(Data for review begins)

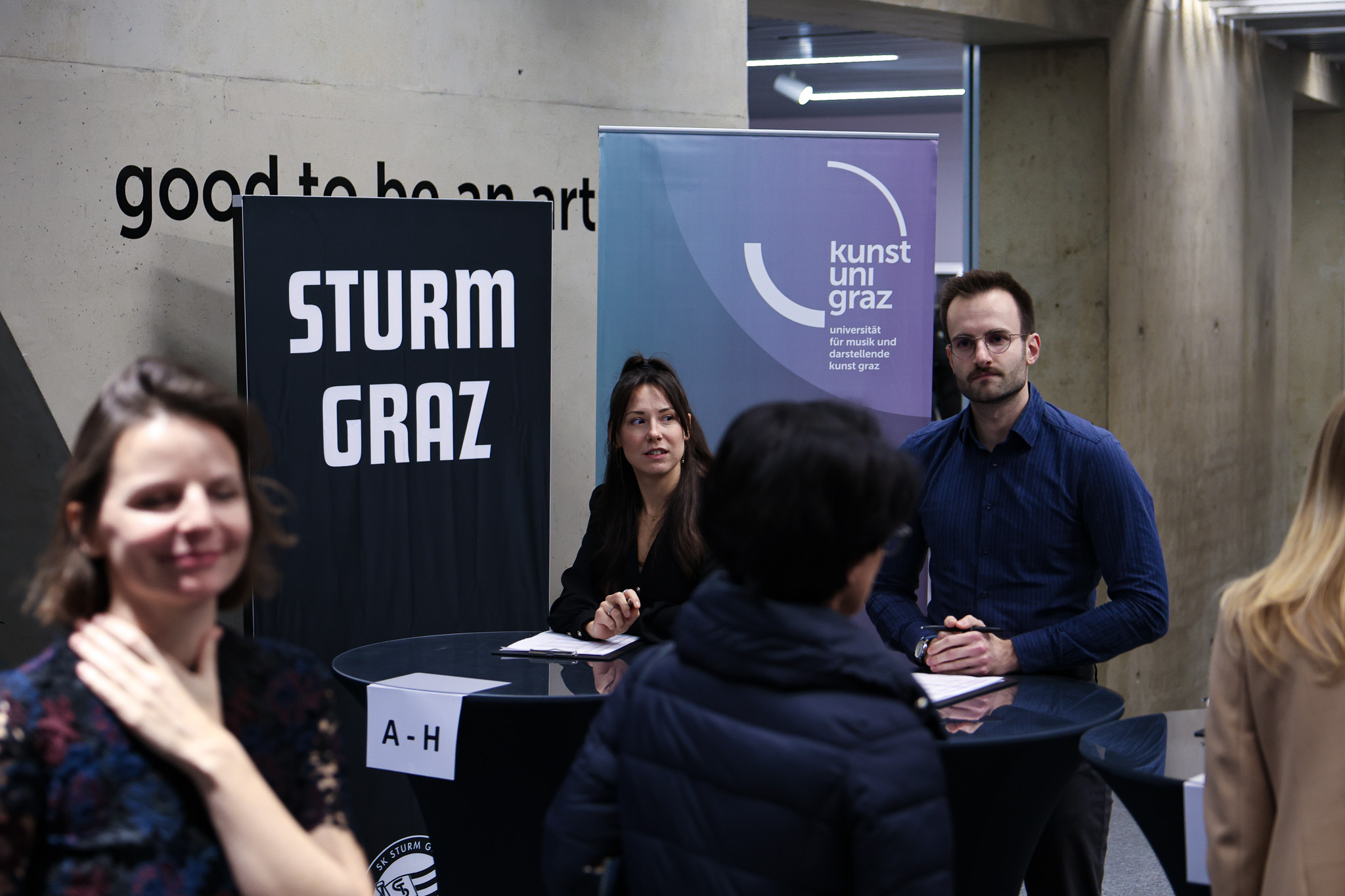 mehrere Personen stehen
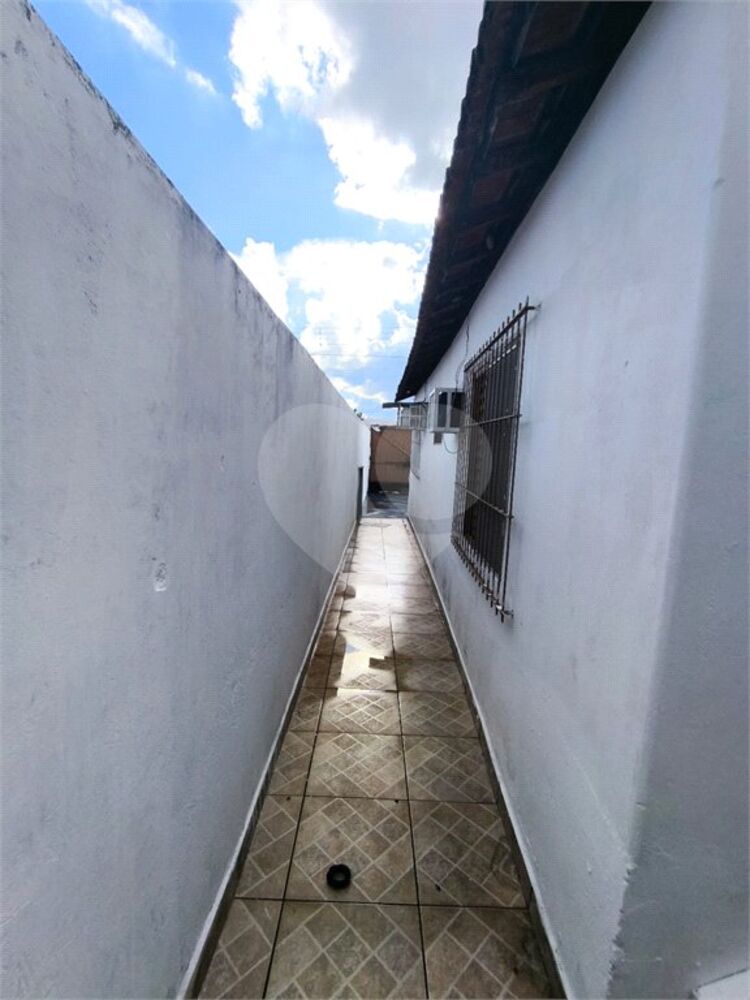 Casa à venda com 3 quartos, 75m² - Foto 14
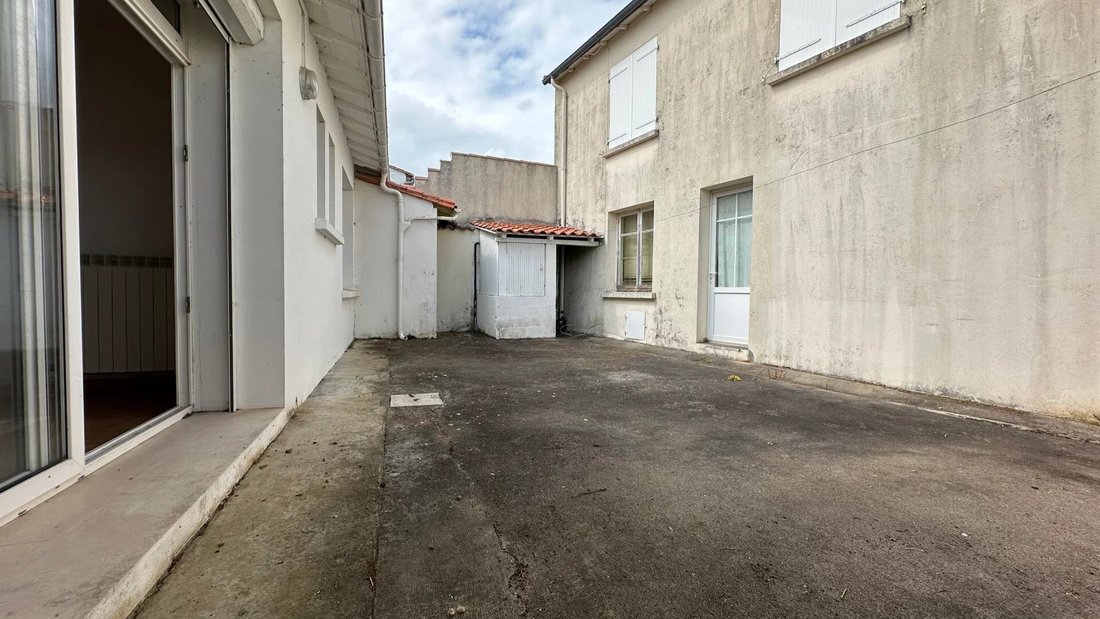 Villa in Rivedoux-Plage, Nouvelle-Aquitaine, France 4 - 16842962
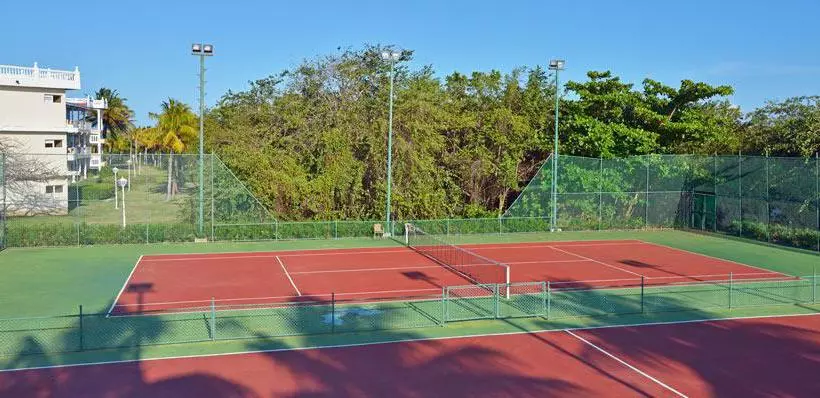 هتل Camino Del Mar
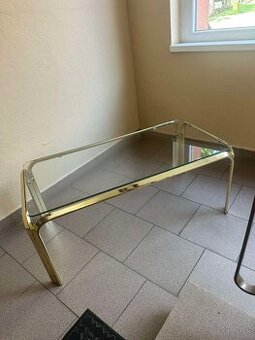Konferenčný stolík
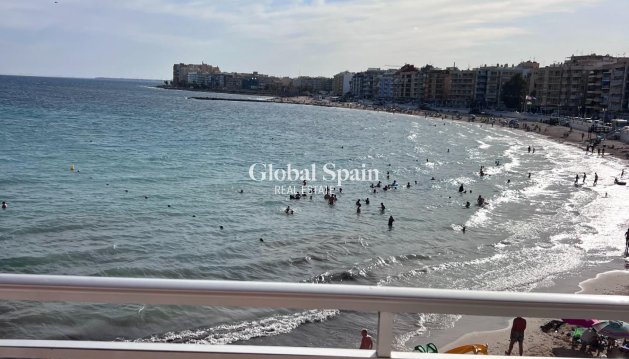 APARTMENT - Resale - TORREVIEJA -
                Playa de los Locos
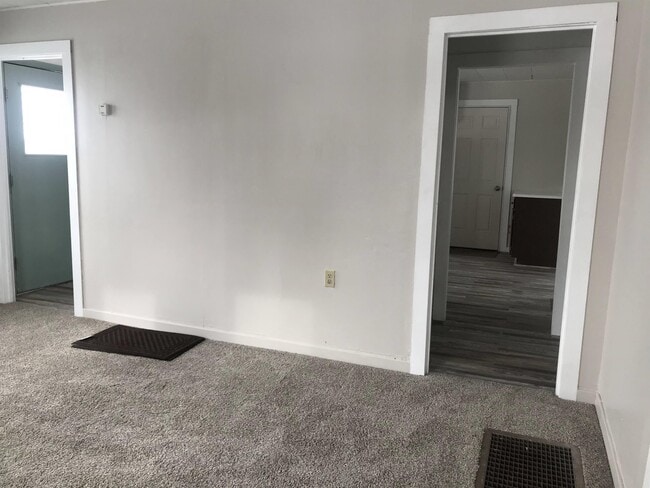 Photo - 216 N Noble St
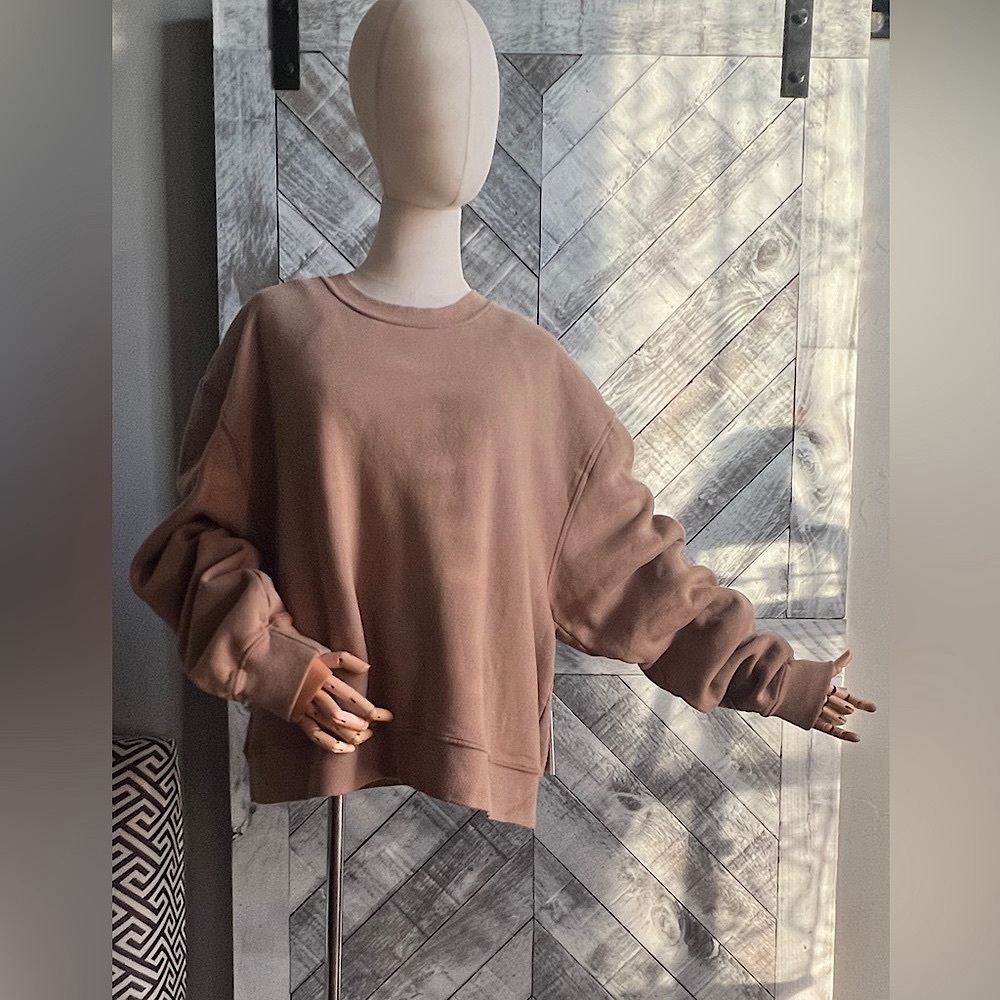 GOOD AMERICAN NWT BOYFRIEND SWEATSHIRT SIZE 4= XL PUTTY - Picture 3 of 10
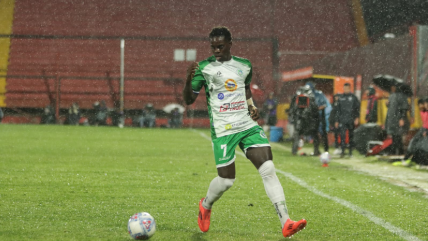   Manley Clerveaux vivió un tenso momento con la hinchada de Unión Española 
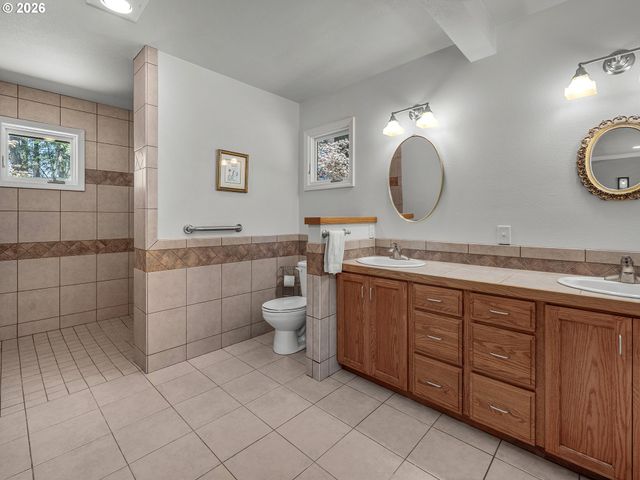 26465 Nw WEST UNION Rd, Hillsboro, OR 97124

(Data for review ends)

◆ **To do**
Please write out exactly the lines from the one holding "Playa de los Locos" through the last line of the material above, both included, as a copy without pictures.

◆ **Response to the exercise**
                Playa de los Locos
 Photo - 216 N Noble St
 GOOD AMERICAN NWT BOYFRIEND SWEATSHIRT SIZE 4= XL PUTTY - Picture 3 of 10
   Manley Clerveaux vivió un tenso momento con la hinchada de Unión Española 
 26465 Nw WEST UNION Rd, Hillsboro, OR 97124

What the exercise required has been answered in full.